Esta obra dirige-se ao público em geral, apesar de ser interessante também para os especialistas. Singer oferece ao leitor muitos elementos relevantes para que se possa debater de forma inteligente temas como o aborto, a eutanásia e os direitos dos animais. Esses elementos são sobretudo de dois tipos: argumentos e informação histórica e científica.
Os argumentos de Singer são sempre claros e precisos, oferecendo-se à avaliação crítica do leitor em vez de a ela se furtarem. As informações são sempre relevantes e claramente redigidas. O tema central do livro é a defesa da ideia de que a moral que herdámos é insuficiente para lidar com os problemas morais que hoje enfrentamos. Assim, urge apresentar novas ideias para lidar com os novos desafios éticos da vida contemporânea — e é isso precisamente que faz o autor, apresentando um conjunto de propostas muito precisas para a instituição de novos preceitos morais.

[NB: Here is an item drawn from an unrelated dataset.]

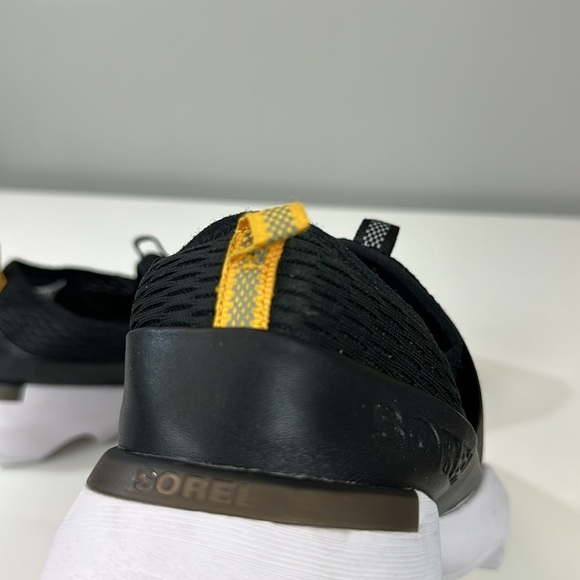 Sorel Kinetic Impact Sneakers Black Strap Mesh Slip On Fabric Shoes Size 9.5 - Picture 16 of 16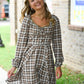 Lattes Tartan Mini Dress - She Chester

Cada capítulo começa com a exposição de um dilema ético concreto, alguns dos quais foram amplamente publicitados pela imprensa. Entre os problemas tratados, destaca-se a atenção dada à eutanásia. A informação histórica é aqui fundamental, para se compreender quão arbitrária, cientificamente, é a actual noção de “morte cerebral”, com base na qual se efectua a recolha de órgãos de pessoas que, para todos os efeitos, poderiam ser consideradas vivas (respiram, estão quentes, o sangue circula). A leitura de Singer tem sempre um efeito libertador, pois oferece uma reflexão serena que coloca em causa, sem dramatismos, os preconceitos com que nos habituámos a viver sem pensar.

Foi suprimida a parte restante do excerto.